In those cases, resellers and retailers, faced with an unmanageable flood of returns, are known to incinerate returned inventory or dump it in landfills. Retailers who fail to address the problem not only bear responsibility for the waste, but risk alienating customers.
The financial burdens are just as serious. Last month, the U.K. online fashion retailer boohoo Group PLC cut its sales forecast due, in part, to a ruinous 12.5% surge in returns over December 2020.
They’re not alone. In recent years, venerable retailers, including Nordstrom, have tightened up their once-liberal return policies in the face of rising costs. So-called “free” returns are being scaled back and consumers are being encouraged to deliver unwanted products to brick-and-mortar locations.

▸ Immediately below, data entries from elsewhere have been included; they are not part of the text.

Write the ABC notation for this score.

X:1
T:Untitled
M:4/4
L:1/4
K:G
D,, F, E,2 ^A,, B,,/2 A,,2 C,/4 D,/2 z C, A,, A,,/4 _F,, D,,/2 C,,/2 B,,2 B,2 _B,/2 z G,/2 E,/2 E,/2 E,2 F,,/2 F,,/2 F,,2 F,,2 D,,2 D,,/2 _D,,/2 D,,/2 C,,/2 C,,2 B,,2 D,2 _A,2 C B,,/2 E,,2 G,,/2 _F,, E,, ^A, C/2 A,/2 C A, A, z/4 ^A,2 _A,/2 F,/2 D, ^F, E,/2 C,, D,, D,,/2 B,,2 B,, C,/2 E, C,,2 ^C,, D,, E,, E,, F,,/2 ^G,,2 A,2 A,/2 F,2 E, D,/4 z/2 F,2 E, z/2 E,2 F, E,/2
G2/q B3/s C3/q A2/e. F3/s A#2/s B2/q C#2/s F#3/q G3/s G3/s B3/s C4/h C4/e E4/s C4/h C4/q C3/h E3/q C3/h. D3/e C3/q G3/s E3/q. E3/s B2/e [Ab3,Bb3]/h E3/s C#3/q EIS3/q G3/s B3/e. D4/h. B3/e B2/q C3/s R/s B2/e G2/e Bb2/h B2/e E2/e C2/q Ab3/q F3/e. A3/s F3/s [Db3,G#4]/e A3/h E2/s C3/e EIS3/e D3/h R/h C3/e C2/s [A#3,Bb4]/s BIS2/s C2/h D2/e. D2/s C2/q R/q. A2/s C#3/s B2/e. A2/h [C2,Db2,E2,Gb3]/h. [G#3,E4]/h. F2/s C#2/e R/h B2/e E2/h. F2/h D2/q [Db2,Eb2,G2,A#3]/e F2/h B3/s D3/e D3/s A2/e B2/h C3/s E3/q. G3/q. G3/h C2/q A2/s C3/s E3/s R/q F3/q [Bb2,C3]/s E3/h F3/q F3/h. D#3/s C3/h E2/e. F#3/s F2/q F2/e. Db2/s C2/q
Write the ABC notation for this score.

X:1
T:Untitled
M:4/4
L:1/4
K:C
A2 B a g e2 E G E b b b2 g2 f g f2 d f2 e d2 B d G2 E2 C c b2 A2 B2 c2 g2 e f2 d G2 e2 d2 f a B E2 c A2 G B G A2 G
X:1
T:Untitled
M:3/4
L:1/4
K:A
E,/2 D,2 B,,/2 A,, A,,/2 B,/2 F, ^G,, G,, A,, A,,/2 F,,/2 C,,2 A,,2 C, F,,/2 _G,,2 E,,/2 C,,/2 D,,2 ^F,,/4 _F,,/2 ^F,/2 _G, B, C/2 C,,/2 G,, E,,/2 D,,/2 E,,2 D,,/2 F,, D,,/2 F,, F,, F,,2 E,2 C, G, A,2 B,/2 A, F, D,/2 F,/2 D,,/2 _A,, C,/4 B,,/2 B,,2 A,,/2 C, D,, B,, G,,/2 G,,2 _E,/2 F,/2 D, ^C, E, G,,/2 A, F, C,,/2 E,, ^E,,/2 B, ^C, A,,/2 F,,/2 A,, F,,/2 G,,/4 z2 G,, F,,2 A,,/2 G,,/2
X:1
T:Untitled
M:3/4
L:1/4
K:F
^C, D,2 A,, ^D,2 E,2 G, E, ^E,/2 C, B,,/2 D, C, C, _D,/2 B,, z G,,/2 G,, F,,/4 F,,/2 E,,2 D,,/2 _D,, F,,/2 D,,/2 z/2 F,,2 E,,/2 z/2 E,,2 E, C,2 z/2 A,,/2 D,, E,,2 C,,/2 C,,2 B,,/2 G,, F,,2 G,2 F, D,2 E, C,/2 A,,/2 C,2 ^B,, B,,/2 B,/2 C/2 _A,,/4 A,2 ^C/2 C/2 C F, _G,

Solutions that avoid alienating consumers accustomed to free returns remain scarce. For example, many online apparel retailers have invested in virtual fitting rooms to assist online shoppers in purchasing right-fitting clothes. So far, the fitting rooms don’t seem to have had much of an impact on returns.
A better approach might be a retail-industry campaign that outlines the environmental and financial costs associated with product returns.
At a time when consumers and retailers are keen to burnish their sustainability credentials, an honest acknowledgement of what happens when consumers buy more than they need (or want) could benefit everyone.